Book Review: Sadequain
By Nusrat Khawaja | Books | Published 9 years ago
Sadequain is arguably Pakistan’s most iconic artist. His oeuvre included figurative and calligraphic work in a variety of media as well as illustrations of his own verse. He was known for gifting his paintings to friends and patrons in exchange for the beverage that supplemented his irrepressible energy to create expansively. His emaciated frame belied his prodigious output. The art market in Pakistan during Sadequain’s lifetime was less investment-driven than it is today and his attitude towards his own work was the antithesis of commercialism. Today, Pakistani art has arrived on the scene of the international art market and Sadequain’s value has skyrocketed. His painting titled ‘Imagination’ sold at Bonham’s for 60,000 UK pounds just two years ago.

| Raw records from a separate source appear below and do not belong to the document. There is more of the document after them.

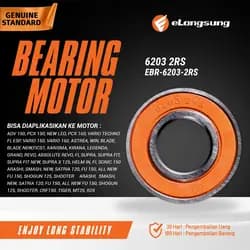 Bearing EBR-6203-2RS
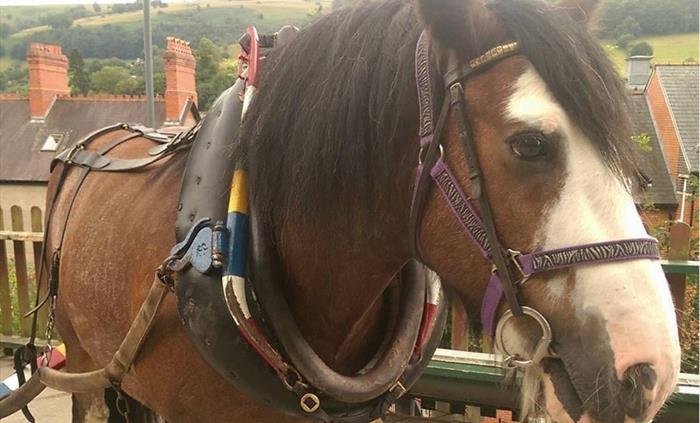 A view of Llangollen Wharf's Majestic Horse Hercules as he gently pulls one of our boats a long the Llangollen Canal.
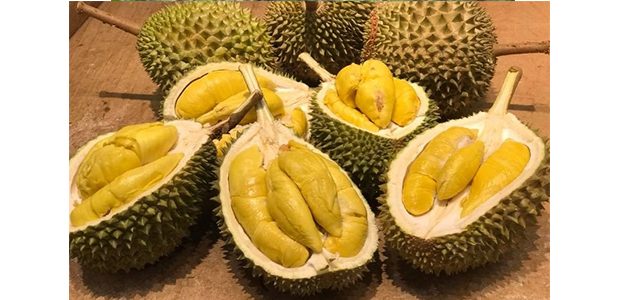 Ini 5 Manfaat Makan Durian Ini 5 Manfaat Makan Durian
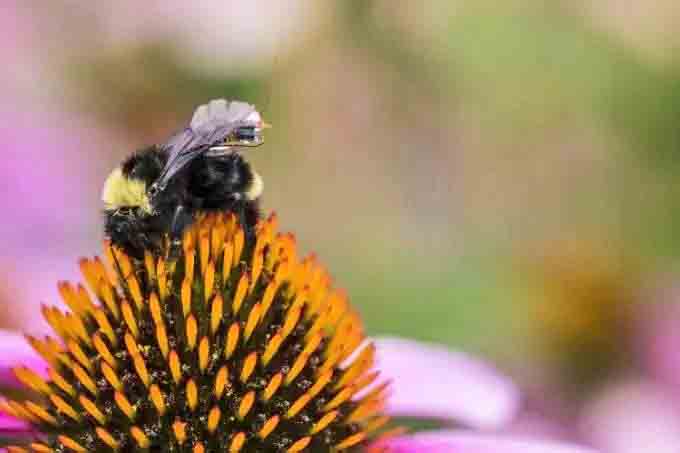 Engenheiros da Universidade de Washington anunciaram neste mês a criação de um sistema de sensores que utilizam o ciclo natural de vida das abelhas para monitorar informações de temperatura, umidade e intensidade da luz..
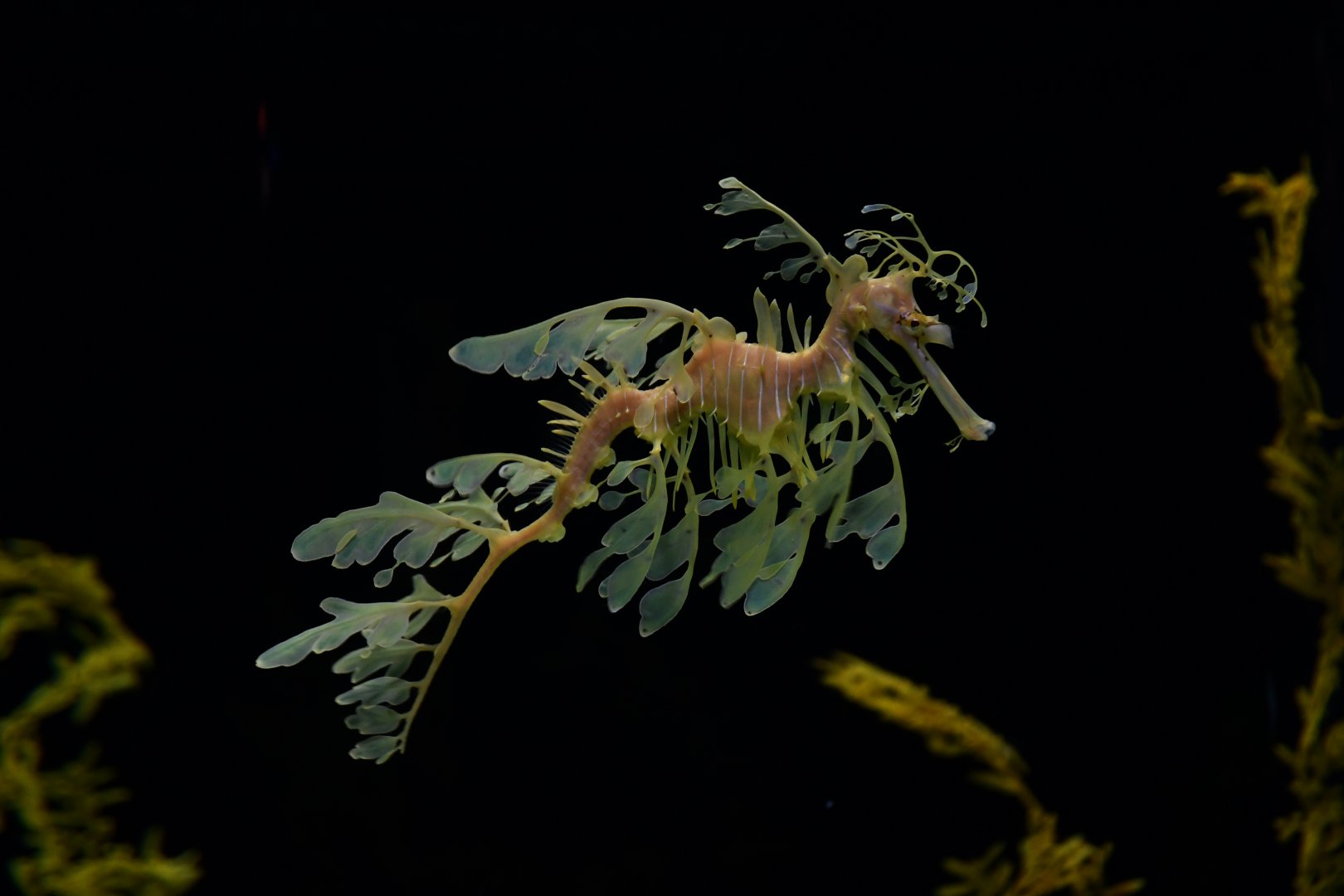 Phyllopteryx taeniolatus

Despite his renown, Sadequain remains an enigmatic persona and there is a huge deficit of scholarly work on him. Akbar Naqvi has contributed towards a remedy of this deficit in his book Sadequain and the Culture of Enlightenment. Printed on high quality matte finish paper, the book is a handsome artefact, brought out by Oxford University Press, Karachi. The font and type nicely show up the Urdu verses included in the English text, and the images have come through with good colour fidelity.
Within the book, a set of eight digressive essays provides a commentary on Naqvi’s dual preoccupation with Sadequain and the subcontinental enlightenment tradition within which he belabours to contextualise the artist. These two discussions interweave periodically but often remain separate. In particular, the later chapters on some émigré artists who exemplify the heterogeneous strands in Pakistani art and the chapter on al-Beruni and Amir Khusro, read as stand-alone essays with tangential reference to Sadequain.
With respect to plastic arts in Pakistan, it fell to these émigré artists, who had moved to the newly created state, to bring with them the tradition of Indian syncretism. Naqvi devotes a chapter each to Chughtai, Shakir Ali and Shahid Sajjad as major contributors of syncretic style to Pakistani art. Chughtai brought an Indo-Persian flavour to the mélange, Shakir Ali connected with Cubism and Shahid Sajjad explored Primitivism through sculpture.
The cultural context for regional enlightenment, as elaborated upon by Naqvi, appears to be rooted in what Marshall Hodgson has termed “Islamicate” traditions which: “would refer not directly to the religion, Islam, itself, but to the social and cultural complex historically associated with Islam and the Muslims, both among Muslims themselves and even when found among non-Muslims.”
Naqvi links the impetus for enlightened modes of behavior to the doctrine of sulh-e-kul or peaceful co-existence as promulgated by Jalaluddin Akbar. Multiculturalism versus orthodoxy has remained an age-old conflict in Muslim societies, and Naqvi clearly attributes the flourishing of culture and tradition to heterodox thinking as exemplified by Sir Syed Ahmed Khan’s reformist exhortations, Ghalib and Iqbal’s poetry and Faiz Ahmed Faiz’s socially conscious poetic expression. This broad context provides the framework within which Naqvi identifies the genesis of Sadequain’s idiom.
Among the syncretistic influences on Sadequain, Naqvi elaborates at length on the critical importance of the Malamati philosophical tradition which originated in 9th century Nishapur. The idea of self-blame, self-criticism and the shunning of exaggerated piety as an ostentatious affectation, was essential to the practices of this school of mysticism. Malamati discourse attempted to find a spiritual path by a psychological interpretation of behaviour. It may be said that this deeply humanist school of mysticism bore within it the essentials of angst and with respect to angst, one can see a clear link to Sadequain. Naqvi says Sadequain “laid bare his wounds of odium, which entrance us and bring about catharsis.”
Sadequain’s anguished portrayal of humanity in the image of the headless man (sar-ba-kaf) carrying his decapitated head in his hand is a recurring one in his paintings. Naqvi convincingly speaks of this image as a link to the Malamati aesthetic and explains: “Sadequain was not a Sufi but the product of the Malamati tradition of his culture and tradition, which emphasised ikhlas.” An important distinction is made in this argument that absolves Sadequain from being a “holy sinner” to being an existentialist who takes responsibility for his own flawed state.
Naqvi has attempted a grand unification theory of multiple influences that bear on Sadequain’s life-style and art. His recall of historical elements is peppered with his own encounters with the polite but stubborn artist. The book is not a conclusive study of Sadequain but it is an important contribution in reigniting a discussion on a national icon.